Series: Life in Black and White [2]
Category: Schitt's Creek
Genre: Backstory, Baseball, Canon Compliant, Domestic Fluff, Established Relationship, Future Fic, M/M, Season/Series 05
Language: English
Status: Completed
Published: 2019-03-12
Updated: 2019-03-12
Packaged: 2019-11-16 08:31:56
Rating: General Audiences
Warnings: No Archive Warnings Apply
Chapters: 1
Words: 2,203
Publisher: archiveofourown.org
Story URL: https://archiveofourown.org/works/18090959
Author URL: https://archiveofourown.org/users/sloganeer/pseuds/sloganeer
Summary: In Patrick’s closet, his Rose Video polo shirt hung on a hanger next to his suit jacket—with a collared shirt and tie already picked out to match. His dress shoes were polished and ready, lined up next to his baseball cleats.





	Team Colours

**HOME**

It would be weird if he wore a tie every day to school, but everyone on the baseball team wore jackets and ties on game day. Even the guys who thought it was stupid, who unknotted their ties after homeroom and stuffed their jackets in their lockers, they did it because it was tradition. Because it was for the team.

Because a tie on game day was as much a uniform as the number on your back.

In Patrick’s closet, his Rose Video polo shirt hung on a hanger next to his suit jacket—with a collared shirt and tie already picked out to match. His dress shoes were polished and ready, lined up next to his baseball cleats.

The Rose Video uniform was a red shirt (of course), but the bottom half was up to each employee. Most kids wore jeans (Patrick asked his team to, please, wear black ones at least); some girls wore skirts.

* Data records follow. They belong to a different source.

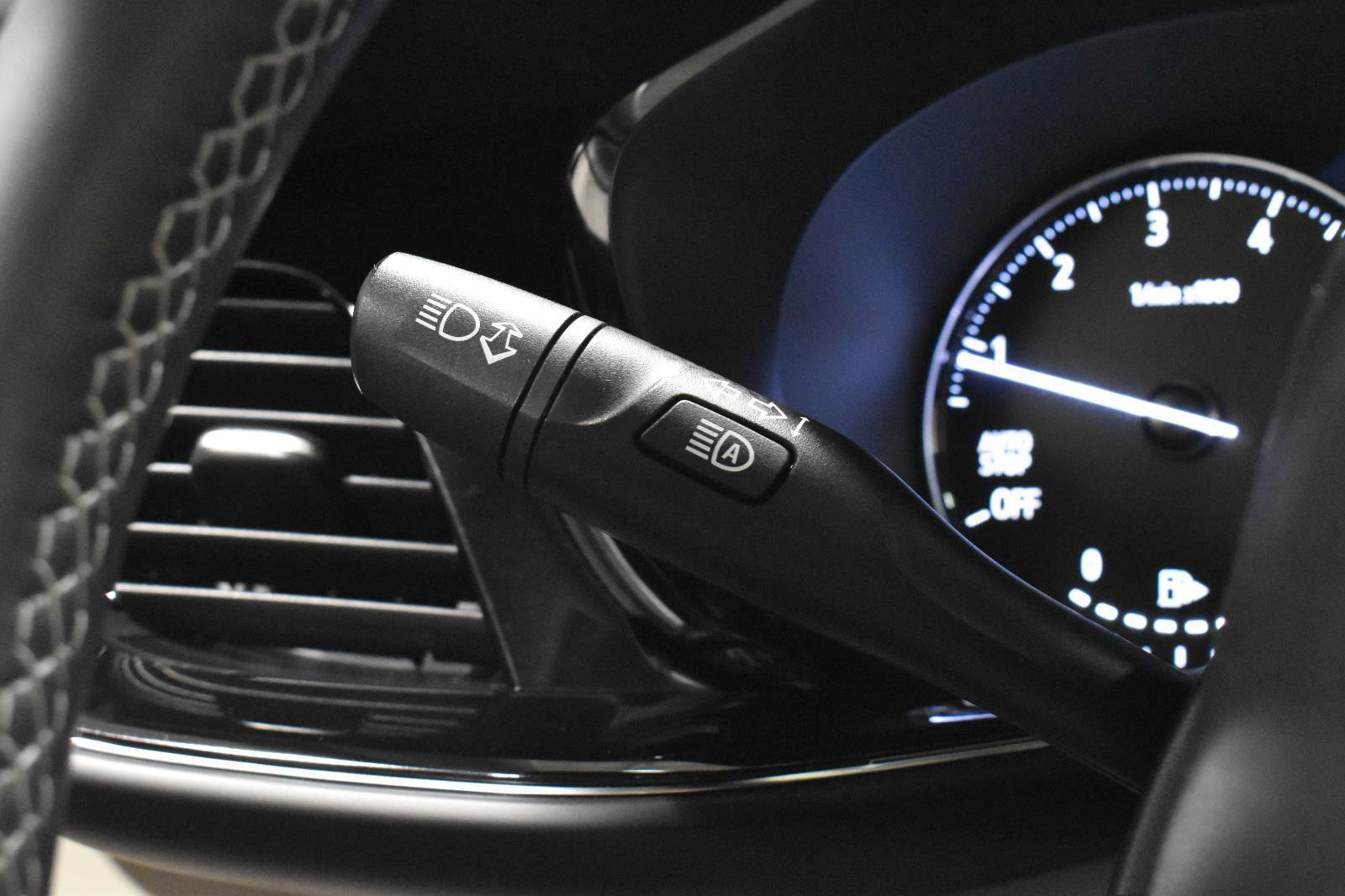 Used 2023 Buick Envision Avenir image 15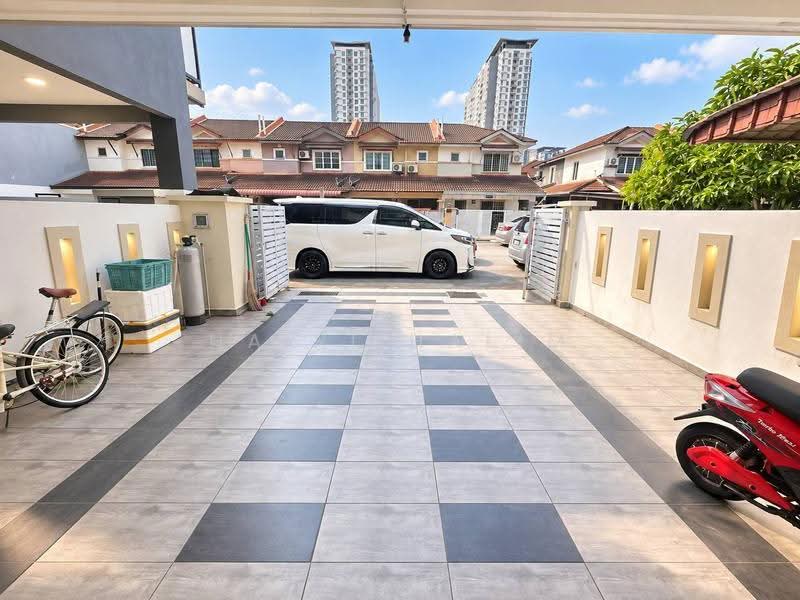 Rumah Teres 2-Tingkat untuk Dijual di Bandar Saujana Putra (Tanjong Duabelas) - Hairi Halim - PropertyGuru.com.my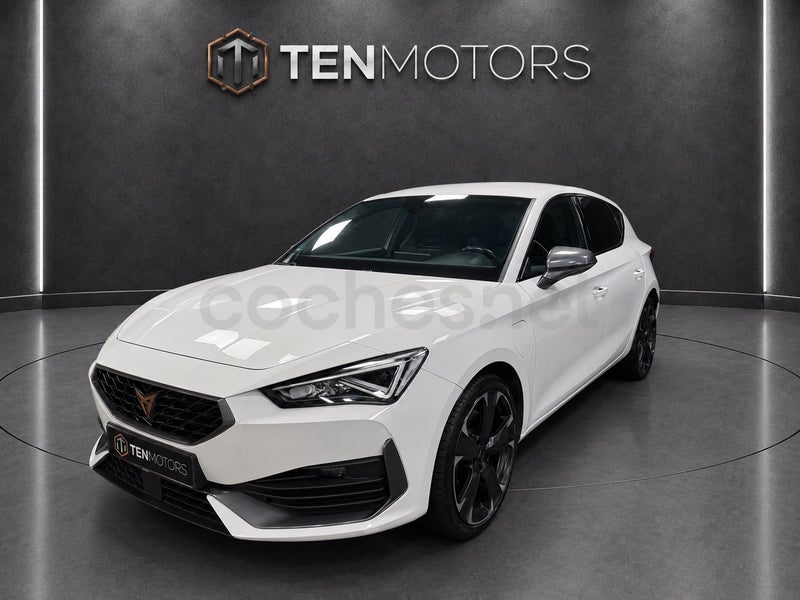 Cupra León 2022 — photo 2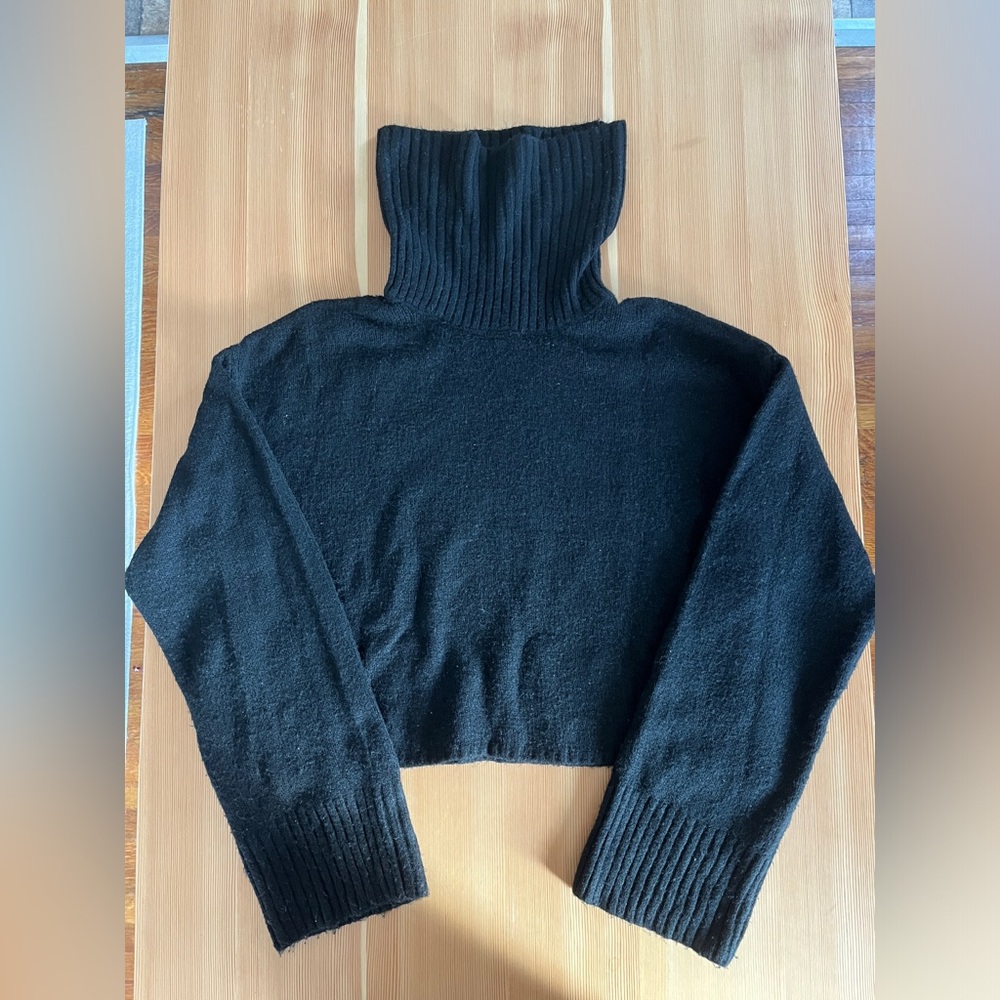 Still like wearing black into Spring? This is for you | M | Z Supply | Cropped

Patrick’s mom bought him a pair of black straight leg chinos. He kept them ironed, with a crease down the centre of each leg. He was doing his own laundry by then, after Mom had turned a load of the Brewer family’s white socks and underwear pink. His team uniform had to be stain-treated weekly.

Rachel cared very much about what other kids thought about her outfits, but not so much about Patrick’s. He learned early in their relationship that the more plainly he dressed, the less attention he drew. It worked at parties and on group dates, when Rachel was otherwise distracted by her own friends.

Patrick was there, but he didn’t have to perform.

At college, he was on his own for the first time after the first big breakup (there had been several during high school, but none had lasted longer than a week). At college, things would be different. That’s what people told him.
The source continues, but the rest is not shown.